● PROBLEM TO SOLVE
Leaving out the pictures, print exactly the lines from the one holding "thumbnail image 3" to the last line of the entries below, both included, and nothing more.

==============================

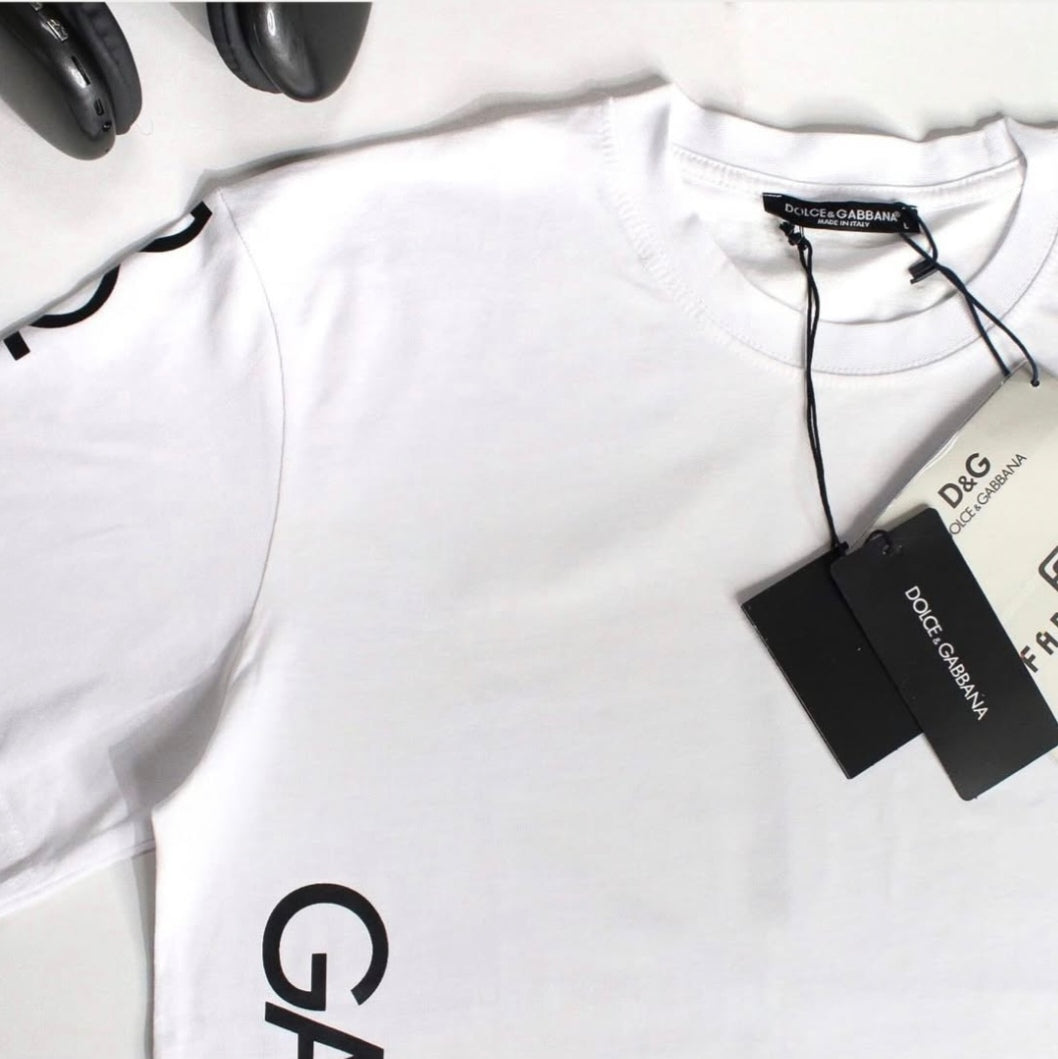 Dolce & Gabbana T-shirt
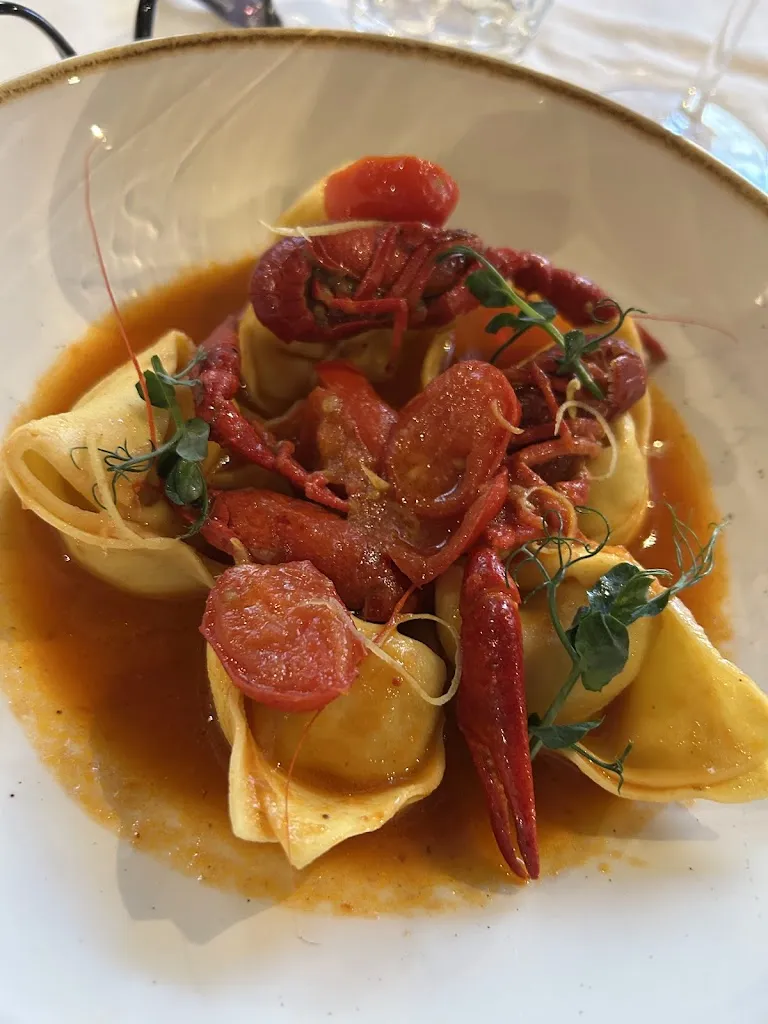 Menu_Ristorante Pizzeria Ai Piani_Mezzolombardo_immagine_7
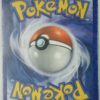 Gardevoir Lv.X 131/132 Begagnad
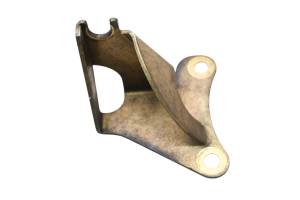 Polaris - 17 Polaris Ranger Crew 570 4x4 Shift Cable Bracket Mount - Image 1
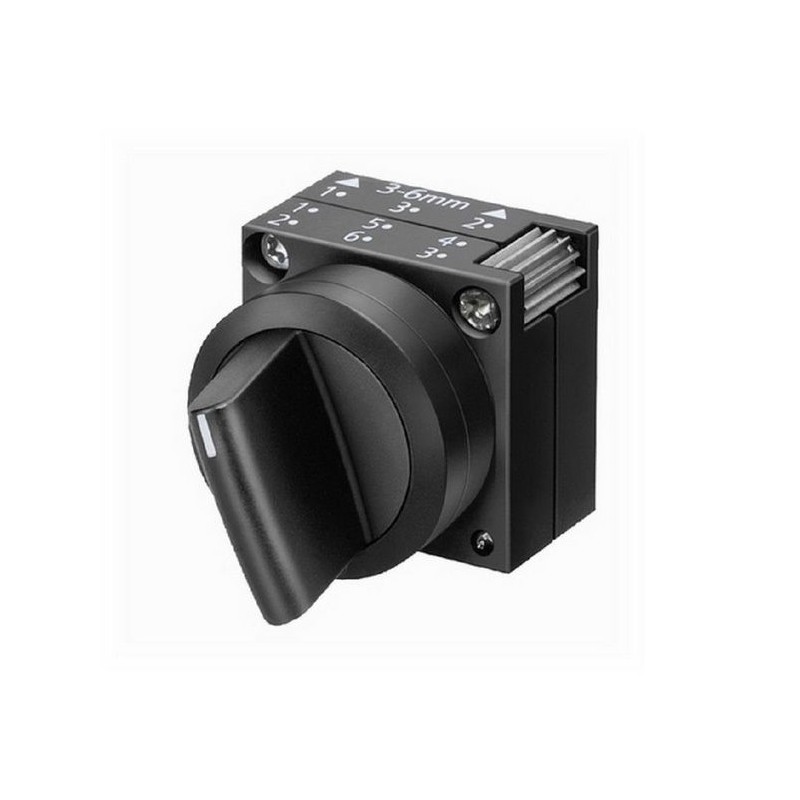 Siemens 3SB3110-2FA11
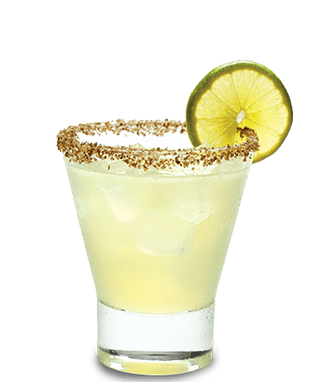 cocktail the spike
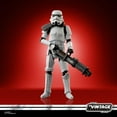 thumbnail image 3 of Star Wars The Vintage Collection Gaming Greats Heavy Assault Stormtrooper 3 3/4-Inch Action Figure, 3 of 6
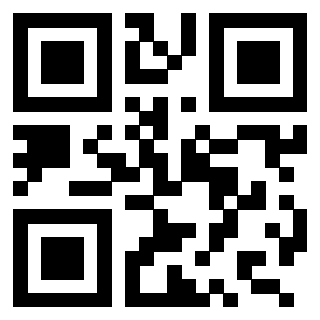 3209352233 - Immagine del QrCode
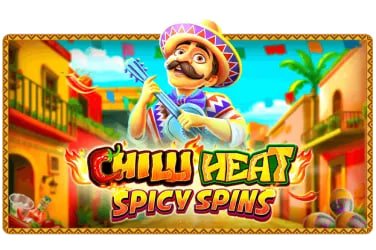 Người chơi Việt Nam trải nghiệm Live Casino baccarat trực tuyến tại suncity88 trên điện thoại di động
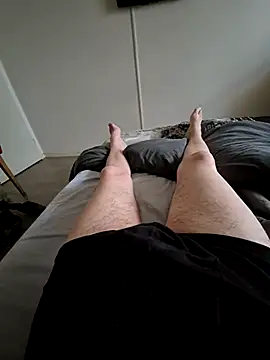 Bretoncool online show from March 2025 09:28:01 AM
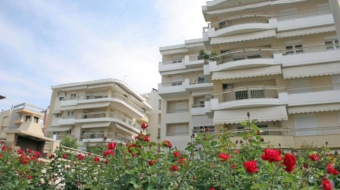 alamanas-karamanli-featured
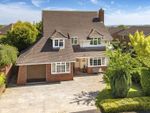 Thumbnail for sale in Essex Chase, Priorslee, Telford, Shropshire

==============================

● REPLY
 thumbnail image 3 of Star Wars The Vintage Collection Gaming Greats Heavy Assault Stormtrooper 3 3/4-Inch Action Figure, 3 of 6
 3209352233 - Immagine del QrCode
 Người chơi Việt Nam trải nghiệm Live Casino baccarat trực tuyến tại suncity88 trên điện thoại di động
 Bretoncool online show from March 2025 09:28:01 AM
 alamanas-karamanli-featured
 Thumbnail for sale in Essex Chase, Priorslee, Telford, Shropshire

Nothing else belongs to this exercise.